■ **How to complete this task**
Write out again only the lines running from the one that contains "Betta SE Plus" to the end of the records below, including both the first and the last.

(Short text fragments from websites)
□ □ □ □

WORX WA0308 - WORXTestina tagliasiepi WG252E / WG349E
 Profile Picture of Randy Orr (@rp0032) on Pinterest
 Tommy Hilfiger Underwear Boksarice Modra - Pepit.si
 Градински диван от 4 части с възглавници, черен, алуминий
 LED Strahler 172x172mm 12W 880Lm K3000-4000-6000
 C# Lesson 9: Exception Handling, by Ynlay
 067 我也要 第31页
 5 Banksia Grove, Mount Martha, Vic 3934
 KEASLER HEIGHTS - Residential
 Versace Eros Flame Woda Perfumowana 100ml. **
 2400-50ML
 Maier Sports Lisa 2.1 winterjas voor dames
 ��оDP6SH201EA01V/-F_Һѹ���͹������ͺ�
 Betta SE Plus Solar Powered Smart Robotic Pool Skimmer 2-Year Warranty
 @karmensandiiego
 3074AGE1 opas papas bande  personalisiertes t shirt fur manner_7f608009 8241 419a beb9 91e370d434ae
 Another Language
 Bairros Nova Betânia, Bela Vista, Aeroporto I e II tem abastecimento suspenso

□ □ □ □

■ **Response area**
 Betta SE Plus Solar Powered Smart Robotic Pool Skimmer 2-Year Warranty
 @karmensandiiego
 3074AGE1 opas papas bande  personalisiertes t shirt fur manner_7f608009 8241 419a beb9 91e370d434ae
 Another Language
 Bairros Nova Betânia, Bela Vista, Aeroporto I e II tem abastecimento suspenso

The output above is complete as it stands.